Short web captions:
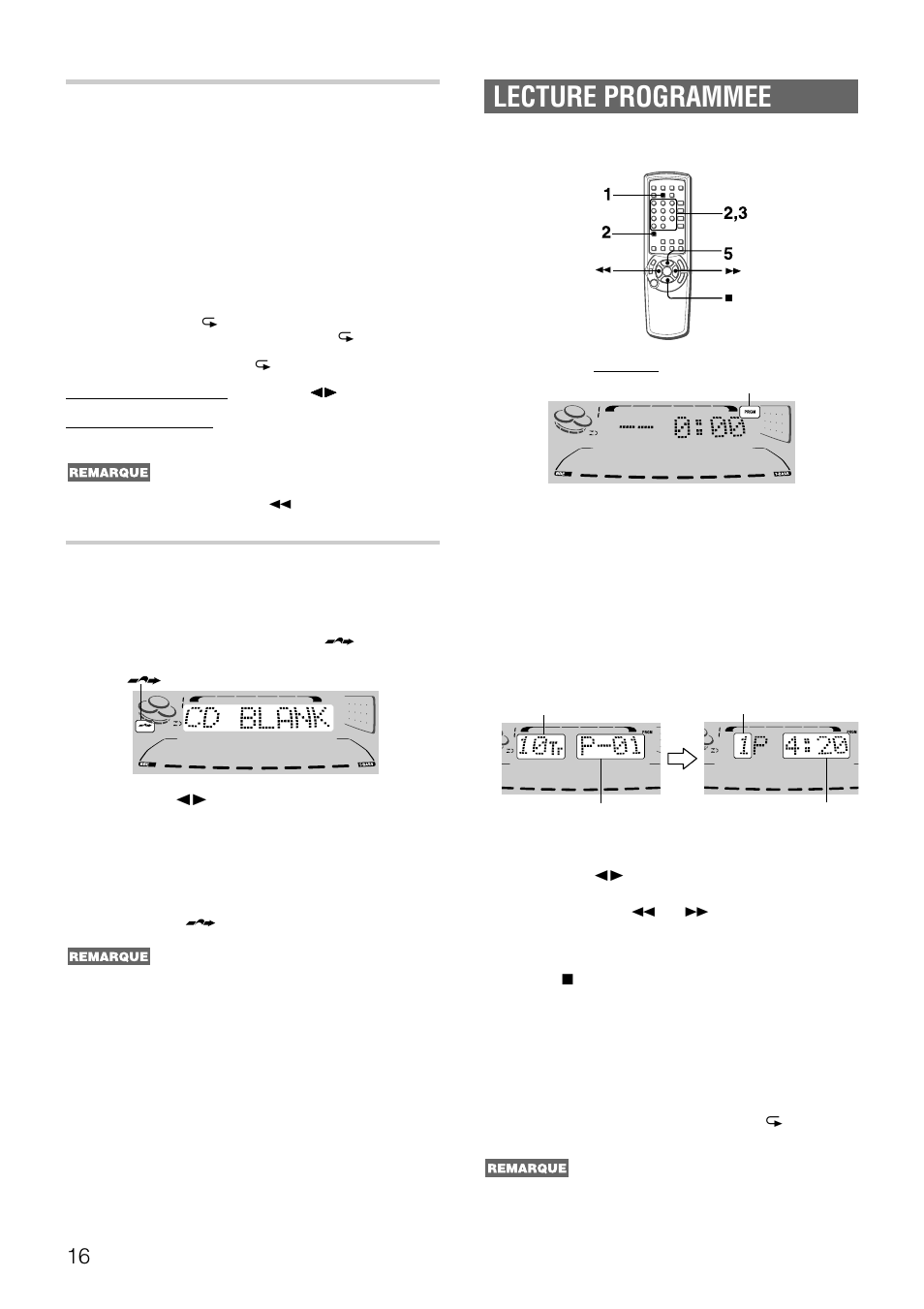 Lecture programmee, Lecture aleatoire/repetee, Lecture avec saut des blancs | Aiwa NSX-DS8 User Manual | Page 83 / 101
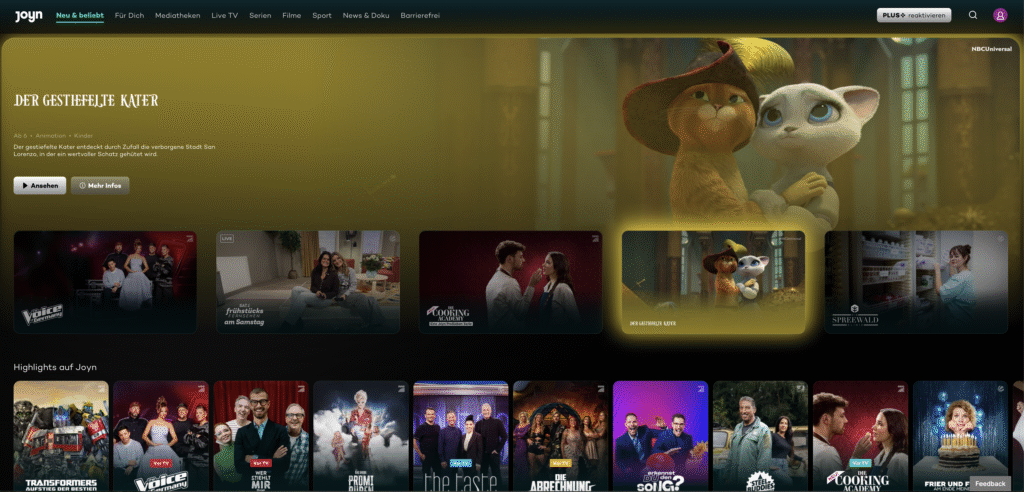 Benutzeroberfläche von Joyn mit verschiedenen Film- und Serienangeboten, einschließlich 'Der gestiefelte Kater'.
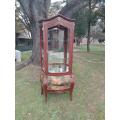 An Early 20th Century French Kingwood Vitrine with Gilt Metal Mounds and Painted Panel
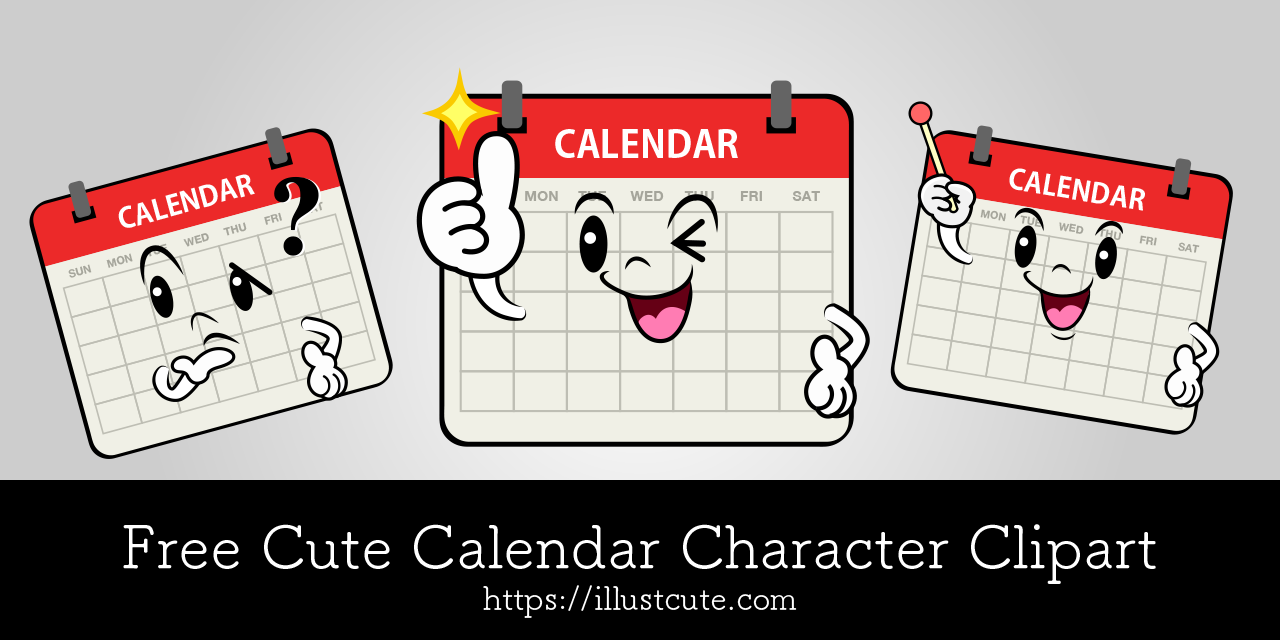 Free Cute Calendar Clipart Characters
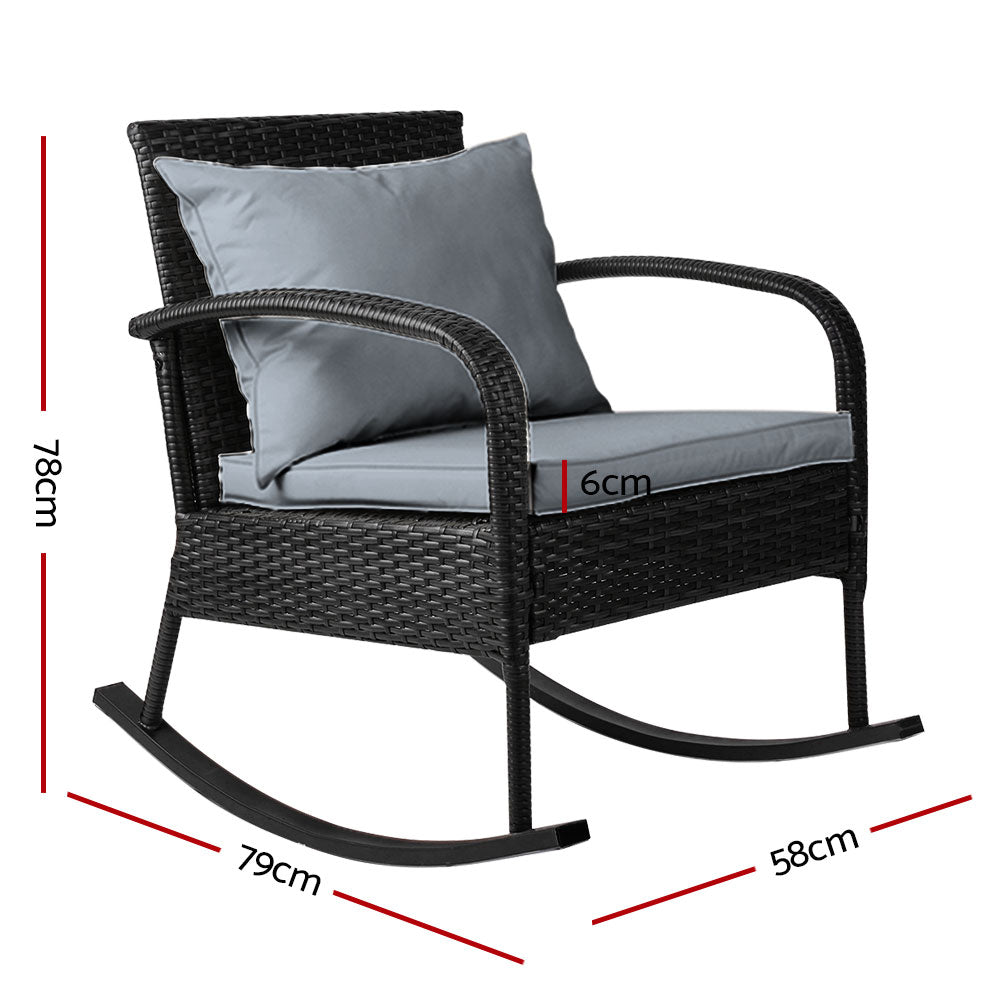 Marlook Outdoor Furniture Rocking Chair Wicker Garden Patio Lounge Setting Black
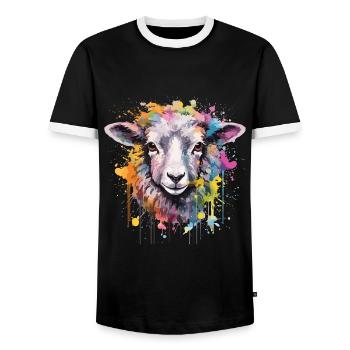 Watercolor Sheep with splash - Men's Ringer Shirt - black/white - Front - AI Model Female 172 light (172cm) & AI Model Male 178 light (178cm)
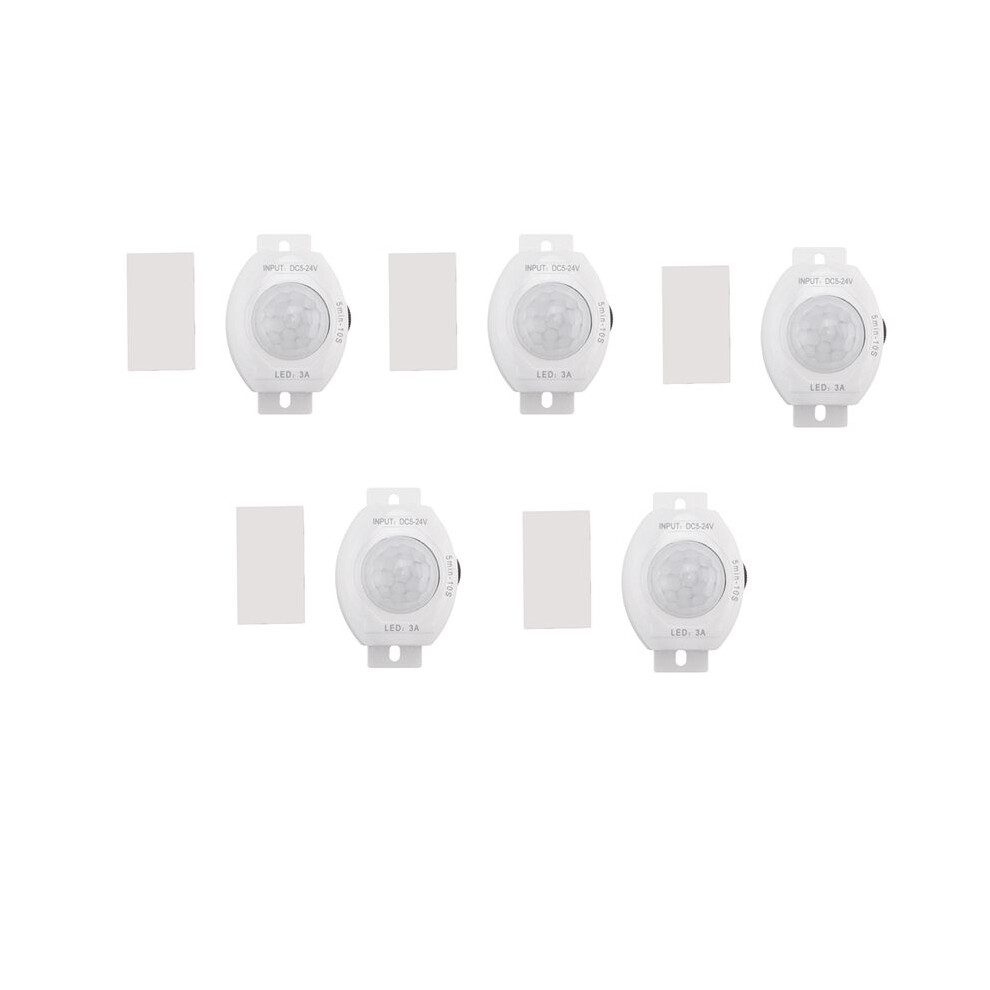 5X Pir Infrared Motion Sensor Detector Dc5-24V Auto Off Timer Led Light Body Pir Motion Sensor Lamp(White) 4711462119099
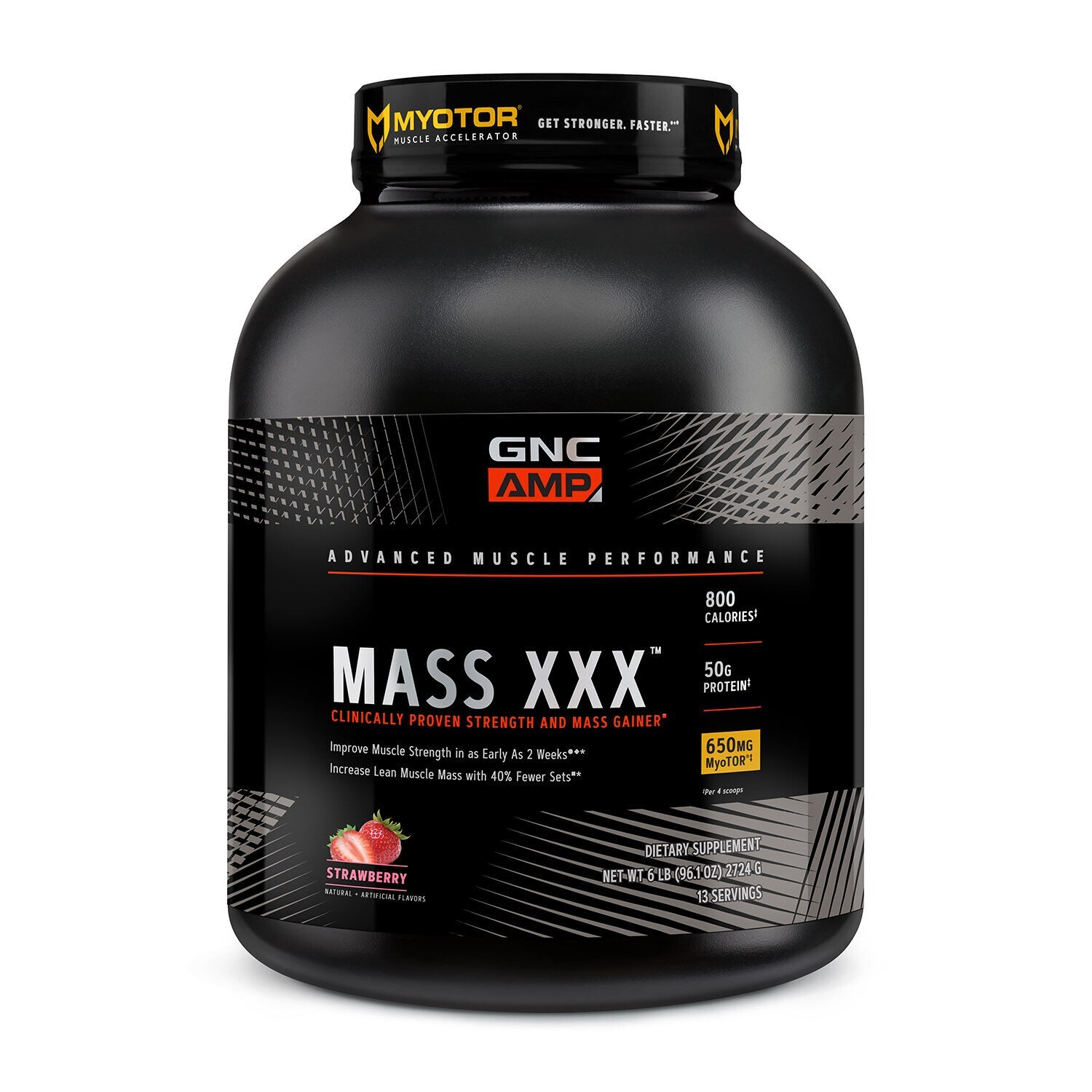 GNC Amplified Mass XXX Anabolic Mass Gainer 6 LBS Strawberry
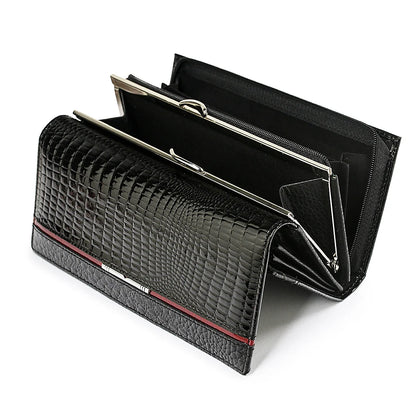 Alligator Genuine Leather Women's Clutch Wallet with Card Slots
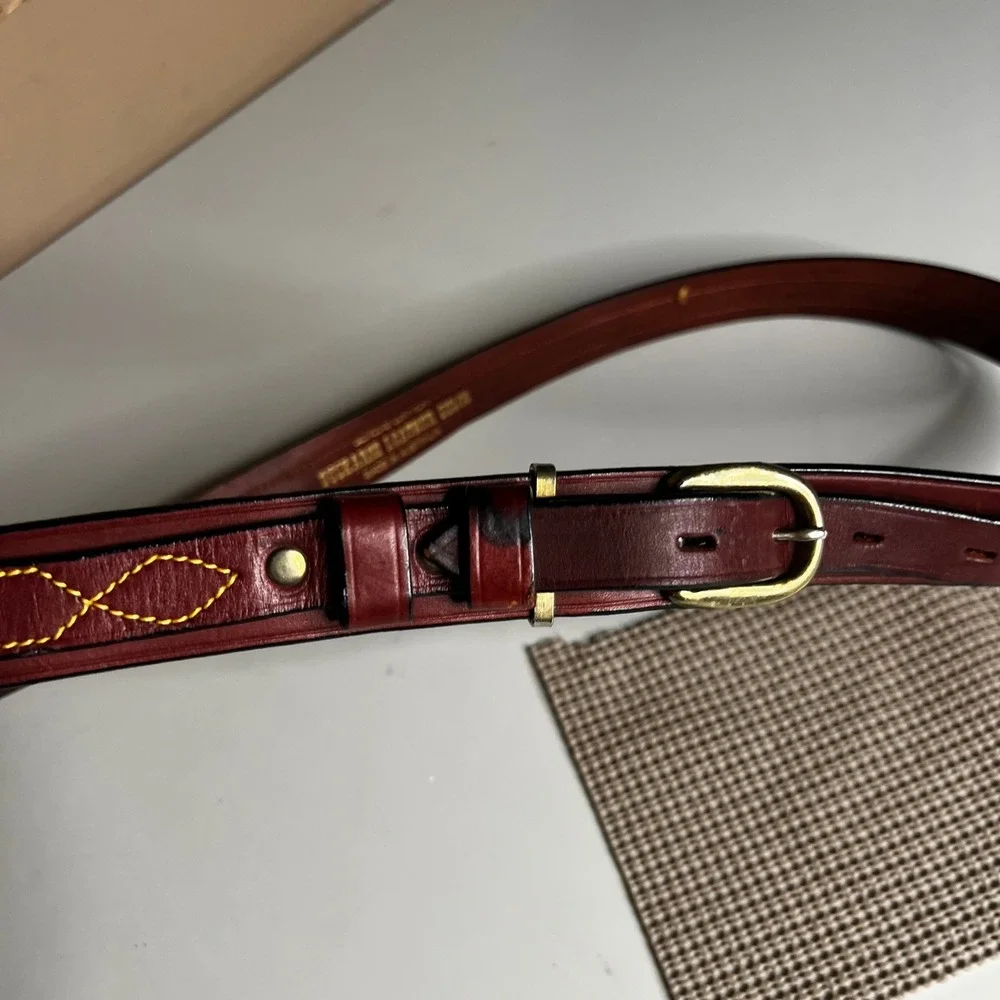 Buckaroo Leather Belts Australia Western Stitched Leather Belt Burgundy 38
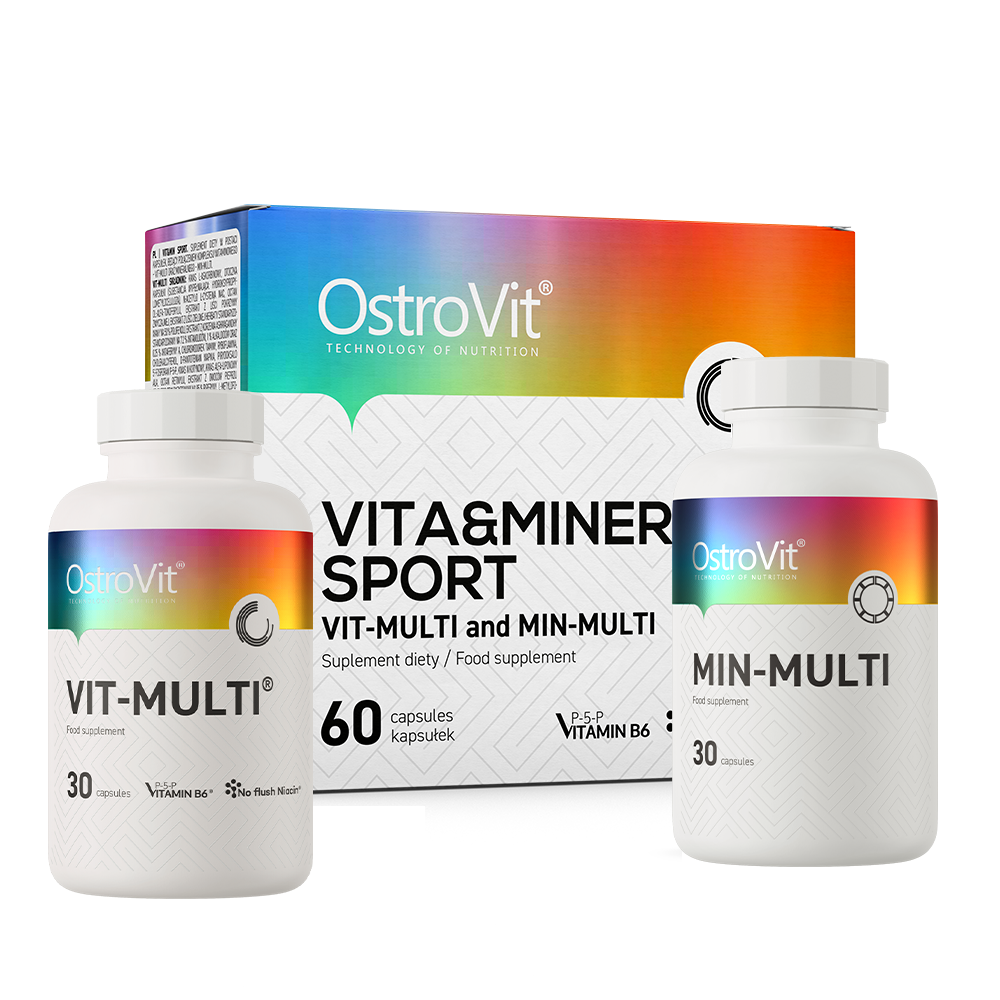 VITA&MINERALS Sport 60 kapsler Et komplett sett med vitaminer og mineraler, beriket med aminosyrer og planteekstrakter.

## ASSIGNMENT
I would like the data copied exactly as it stands, with no pictures included.

## ANSWER
 Lecture programmee, Lecture aleatoire/repetee, Lecture avec saut des blancs | Aiwa NSX-DS8 User Manual | Page 83 / 101
 Benutzeroberfläche von Joyn mit verschiedenen Film- und Serienangeboten, einschließlich 'Der gestiefelte Kater'.
 An Early 20th Century French Kingwood Vitrine with Gilt Metal Mounds and Painted Panel
 Free Cute Calendar Clipart Characters
 Marlook Outdoor Furniture Rocking Chair Wicker Garden Patio Lounge Setting Black
 Watercolor Sheep with splash - Men's Ringer Shirt - black/white - Front - AI Model Female 172 light (172cm) & AI Model Male 178 light (178cm)
 5X Pir Infrared Motion Sensor Detector Dc5-24V Auto Off Timer Led Light Body Pir Motion Sensor Lamp(White) 4711462119099
 GNC Amplified Mass XXX Anabolic Mass Gainer 6 LBS Strawberry
 Alligator Genuine Leather Women's Clutch Wallet with Card Slots
 Buckaroo Leather Belts Australia Western Stitched Leather Belt Burgundy 38
 VITA&MINERALS Sport 60 kapsler Et komplett sett med vitaminer og mineraler, beriket med aminosyrer og planteekstrakter.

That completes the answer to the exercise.